I am trying to use the FMoE layer from fastmoe in a ViT-Base model for a simple classification task. However, there is a gradual increase in CUDA memory, which eventually leads to out-of-memory error. Digging deeper, I observe that there is a small increase in memory every time after the loss.backward() call. Here is what the memory growth looks like:
Training (50/10000 Steps) Data time=0.03(0.04) Batch time=1.00(0.97) Memory=8588.2(8440.4)
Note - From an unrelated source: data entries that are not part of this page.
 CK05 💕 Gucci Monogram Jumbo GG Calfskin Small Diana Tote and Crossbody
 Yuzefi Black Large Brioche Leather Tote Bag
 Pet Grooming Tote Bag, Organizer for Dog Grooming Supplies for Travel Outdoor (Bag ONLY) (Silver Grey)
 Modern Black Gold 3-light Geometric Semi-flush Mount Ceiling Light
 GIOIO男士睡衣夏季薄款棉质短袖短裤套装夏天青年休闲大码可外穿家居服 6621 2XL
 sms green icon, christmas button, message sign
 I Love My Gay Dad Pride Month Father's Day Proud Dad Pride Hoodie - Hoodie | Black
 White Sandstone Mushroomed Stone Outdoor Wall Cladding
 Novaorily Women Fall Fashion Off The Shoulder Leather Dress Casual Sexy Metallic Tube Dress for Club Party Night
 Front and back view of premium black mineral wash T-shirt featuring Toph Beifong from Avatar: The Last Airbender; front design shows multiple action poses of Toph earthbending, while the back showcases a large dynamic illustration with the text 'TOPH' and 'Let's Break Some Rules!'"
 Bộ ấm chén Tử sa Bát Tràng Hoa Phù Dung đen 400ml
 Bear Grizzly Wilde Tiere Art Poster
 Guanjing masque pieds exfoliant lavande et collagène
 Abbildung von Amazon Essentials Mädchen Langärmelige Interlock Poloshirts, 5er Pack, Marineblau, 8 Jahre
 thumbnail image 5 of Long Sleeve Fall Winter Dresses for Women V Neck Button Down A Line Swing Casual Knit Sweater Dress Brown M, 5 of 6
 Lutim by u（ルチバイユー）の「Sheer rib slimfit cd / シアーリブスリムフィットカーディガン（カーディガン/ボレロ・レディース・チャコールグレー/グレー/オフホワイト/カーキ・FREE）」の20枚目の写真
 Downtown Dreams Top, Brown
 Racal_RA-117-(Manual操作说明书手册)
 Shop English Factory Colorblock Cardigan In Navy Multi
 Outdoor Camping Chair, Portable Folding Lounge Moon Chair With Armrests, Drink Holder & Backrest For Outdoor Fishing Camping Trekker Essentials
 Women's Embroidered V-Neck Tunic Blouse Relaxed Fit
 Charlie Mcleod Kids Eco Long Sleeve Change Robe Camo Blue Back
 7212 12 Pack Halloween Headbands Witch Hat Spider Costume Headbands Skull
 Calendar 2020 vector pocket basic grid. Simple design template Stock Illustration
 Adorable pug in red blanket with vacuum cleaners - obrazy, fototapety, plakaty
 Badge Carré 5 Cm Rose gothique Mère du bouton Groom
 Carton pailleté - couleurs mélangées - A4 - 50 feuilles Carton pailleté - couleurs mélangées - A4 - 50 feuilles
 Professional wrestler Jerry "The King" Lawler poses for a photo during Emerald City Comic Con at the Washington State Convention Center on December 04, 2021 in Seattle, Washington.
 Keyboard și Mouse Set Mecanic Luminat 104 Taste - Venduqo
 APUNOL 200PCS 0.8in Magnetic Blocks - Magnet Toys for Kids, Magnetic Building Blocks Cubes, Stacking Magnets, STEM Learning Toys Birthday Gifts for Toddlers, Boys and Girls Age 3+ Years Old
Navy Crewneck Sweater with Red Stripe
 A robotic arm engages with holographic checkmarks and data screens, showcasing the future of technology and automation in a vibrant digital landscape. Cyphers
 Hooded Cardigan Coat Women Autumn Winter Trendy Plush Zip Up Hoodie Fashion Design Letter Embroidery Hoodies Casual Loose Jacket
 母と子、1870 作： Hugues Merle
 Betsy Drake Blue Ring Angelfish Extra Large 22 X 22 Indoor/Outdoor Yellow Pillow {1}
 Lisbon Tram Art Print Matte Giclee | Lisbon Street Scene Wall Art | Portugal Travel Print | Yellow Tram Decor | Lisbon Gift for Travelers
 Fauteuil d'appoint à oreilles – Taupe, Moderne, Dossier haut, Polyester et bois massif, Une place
Training (51/10000 Steps) Data time=0.04(0.04) Batch time=0.78(0.96) Memory=8590.5(8443.3)
Training (52/10000 Steps) Data time=0.03(0.04) Batch time=1.13(0.97) Memory=8602.8(8446.3)
Training (53/10000 Steps) Data time=0.04(0.04) Batch time=0.67(0.96) Memory=8602.8(8449.2)
Training (54/10000 Steps) Data time=0.08(0.04) Batch time=1.13(0.96) Memory=8602.8(8452.0)
Training (55/10000 Steps) Data time=0.02(0.04) Batch time=0.85(0.96) Memory=8602.8(8454.7)
Training (56/10000 Steps) Data time=0.06(0.04) Batch time=0.96(0.96) Memory=8602.8(8457.3)
Training (57/10000 Steps) Data time=0.03(0.04) Batch time=1.02(0.96) Memory=8602.8(8459.9)
Training (58/10000 Steps) Data time=0.06(0.04) Batch time=0.81(0.96) Memory=8623.7(8462.5)
Training (59/10000 Steps) Data time=0.04(0.04) Batch time=1.08(0.96) Memory=8623.7(8465.2)
Training (60/10000 Steps) Data time=0.04(0.04) Batch time=0.72(0.96) Memory=8623.7(8467.8)
Training (61/10000 Steps) Data time=0.03(0.04) Batch time=1.11(0.96) Memory=8623.7(8470.4)
Training (62/10000 Steps) Data time=0.02(0.04) Batch time=0.77(0.96) Memory=8623.7(8472.8)
Training (63/10000 Steps) Data time=0.04(0.04) Batch time=1.10(0.96) Memory=8655.3(8475.4)
Training (64/10000 Steps) Data time=0.02(0.04) Batch time=0.88(0.96) Memory=8655.3(8478.2)
Training (65/10000 Steps) Data time=0.04(0.04) Batch time=0.92(0.96) Memory=8667.8(8481.0)
Training (66/10000 Steps) Data time=0.03(0.04) Batch time=1.02(0.96) Memory=8667.8(8483.8)
Training (67/10000 Steps) Data time=0.04(0.04) Batch time=0.72(0.95) Memory=8667.8(8486.6)
Training (68/10000 Steps) Data time=0.03(0.04) Batch time=1.10(0.96) Memory=8667.8(8489.2)
Training (69/10000 Steps) Data time=0.02(0.04) Batch time=0.70(0.95) Memory=8667.8(8491.8)
Training (70/10000 Steps) Data time=0.06(0.04) Batch time=1.09(0.96) Memory=8667.8(8494.3)
Training (71/10000 Steps) Data time=0.02(0.04) Batch time=0.89(0.95) Memory=8667.8(8496.7)
Training (72/10000 Steps) Data time=0.05(0.04) Batch time=0.86(0.95) Memory=8725.6(8499.5)
Training (73/10000 Steps) Data time=0.03(0.04) Batch time=1.01(0.95) Memory=8725.6(8502.5)
Training (74/10000 Steps) Data time=0.04(0.04) Batch time=0.71(0.95) Memory=8725.6(8505.5)
Here is my training loop. If I replace the FMoE Mlp layer with a regular Mlp layer, the training works fine.
for step, batch in enumerate(train_loader):
data_time.update(time.time() - end)
batch = tuple(t.to(args.device) for t in batch)
x, y = batch
pred = model(x, 0)
loss_ = loss_fct(pred, y)
loss_.backward()
model.allreduce_params()
optimizer.step()
optimizer.zero_grad()
MB = 1024 * 1024
memory_meter.update(torch.cuda.max_memory_allocated() / MB)
log.info("Training ({}/{} Steps)\tData time={:.2f}({:.2f})\tBatch time={:.2f}({:.2f})\tMemory={:.1f}({:.1f})".format(
global_step, t_total, data_time.val, data_time.avg, batch_time.val, batch_time.avg, memory_meter.val, memory_meter.avg))
Can you please help me with what might be causing this? Thanks.